Within the above 2022 review, research suggests that diets high in sweetened foods, fried foods, and salt may link to learning, attention, and behavioral problems. The evidence found that a balanced diet with a high intake of vegetables and dairy products led to the opposite association.

It also suggests that diets high in processed, sweet, snack, and junk foods may have links to a higher incidence of ADHD. Additionally, diets such as vegetarian and Mediterranean diets may decrease the risk.

The review also highlighted the prevalence of elimination diets in the study of nutrition and ADHD. An elimination diet gradually removes individual foods to try and isolate ingredients or nutrients that may affect people.

However, these diets have shown scarce evidence in the study of diet and ADHD. Additionally, they can lead to nutritional deficiencies and growth issues in children with ADHD.

A person can consult a doctor if they believe that a certain ingredient or nutrient may be affecting their ADHD symptoms or those of a child.

The Child Mind Institute highlights that there is limited research on whether certain foods can reduce ADHD symptoms. However, eating certain foods can help promote overall health and may support brain health.

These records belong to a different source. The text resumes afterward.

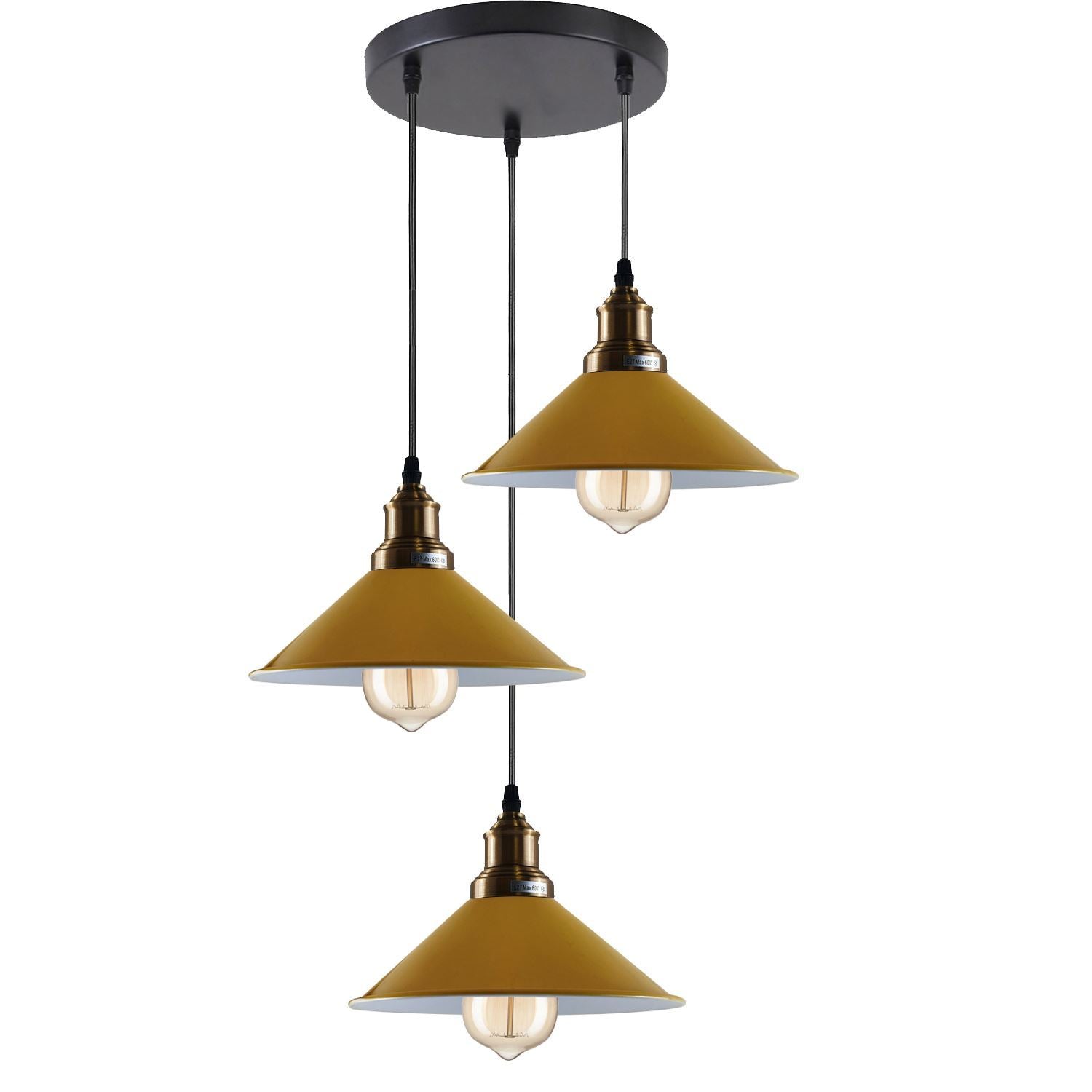 3 Pendant Light Fixture Brass Over the Kitchen Island~1302-7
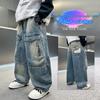 2025 Autumn Boys' Wide-Leg Fashion Jeans: Stylish Casual Kids' Pants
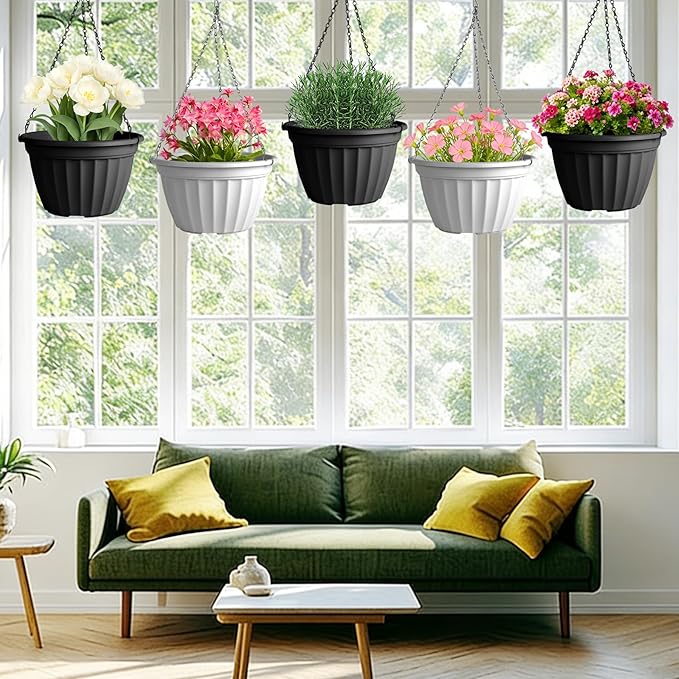 FGstyle 6 Pack Hanging Planters 10 Inch(Black & White),Self Watering Pots for Indoor Plants,Plastic Hanging Basket with Soil Elevator and 20" Chain for Home Garden Porch Balcony Patio Decor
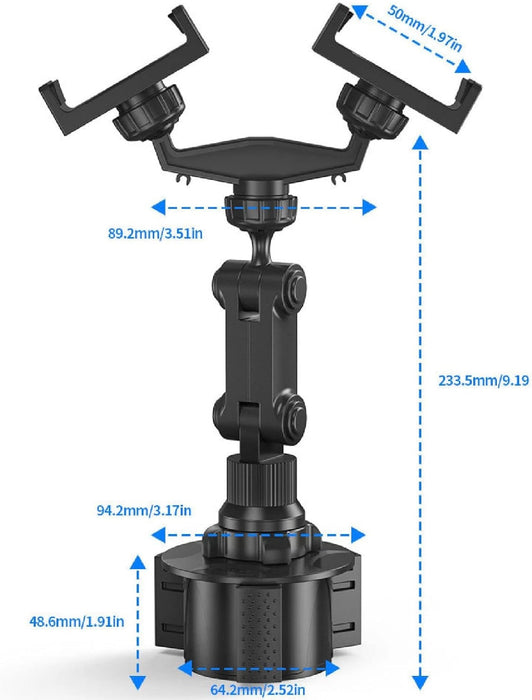 Adjustable 360° Car Phone Holder – Dual Mount for Cup Holder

This includes a diet focused on:

  • vegetables
  • fruits
  • sources of protein, such as eggs, milk, lean meat, nuts, soy, and low fat yogurt
  • healthy fats, such as fatty fish, avocado, chia seeds, flaxseed, and tofu
  • complex carbohydrates, such as beans, lentils, peas, brown rice, oatmeal, and whole grains
  • sources of vitamin B, such as leafy greens, broccoli, and chickpeas
  • sources of zinc, iron, and magnesium, such as in poultry, seafood, meat, nuts, and soy
  • omega-3 fatty acids, such as in salmon, walnuts, and edamame

Avoiding or limiting added sugars may help manage ADHD symptoms, as sugar may temporarily increase overactivity. Limiting sugar intake can also help improve overall health, support weight management, improve sleep, and reduce the risk of diabetes.

Foods to limit or avoid may include:

  • sugar and syrups
  • sweets and candy
  • sweetened breakfast cereals
  • cookies, cakes, and pastries
  • processed foods, such as snack foods and potato chips

Many ADHD diets recommend avoiding additives, food colorings, and preservatives. However, currently, there is no strong evidence to suggest eliminating food colorings has a significant effect on ADHD.

Research suggests a link between increased consumption of sweetened drinks and a 40% increase in the chance of ADHD symptoms in children over the age of 7 years, in comparison with children who drank fewer sweetened drinks.

People may want to limit or avoid drinks high in sugar, such as:

  • soda
  • fruit juices
  • energy drinks

Drinking plenty of water can help children stay well hydrated and may support brain function, according to the Food for the Brain Foundation. Adding lemon, lime, or berries may help add flavor.

Additionally, caffeine may increase overactivity in some children, so it may be best to limit or avoid products containing it.

Generally, dietary recommendations are similar for adults with ADHD as children with the condition.

Adults may want to limit caffeine consumption if it causes side effects, such as anxiety, insomnia, or irritability. The risk of caffeine side effects may increase with the use of stimulant medications.

There are no set guidelines for an ADHD diet, but eating a diet that helps support overall health may also have benefits for the condition.

There may be risks or interactions with supplements or herbal remedies and ADHD medications. People can work alongside a healthcare professional to discuss any dietary changes and avoid these risks.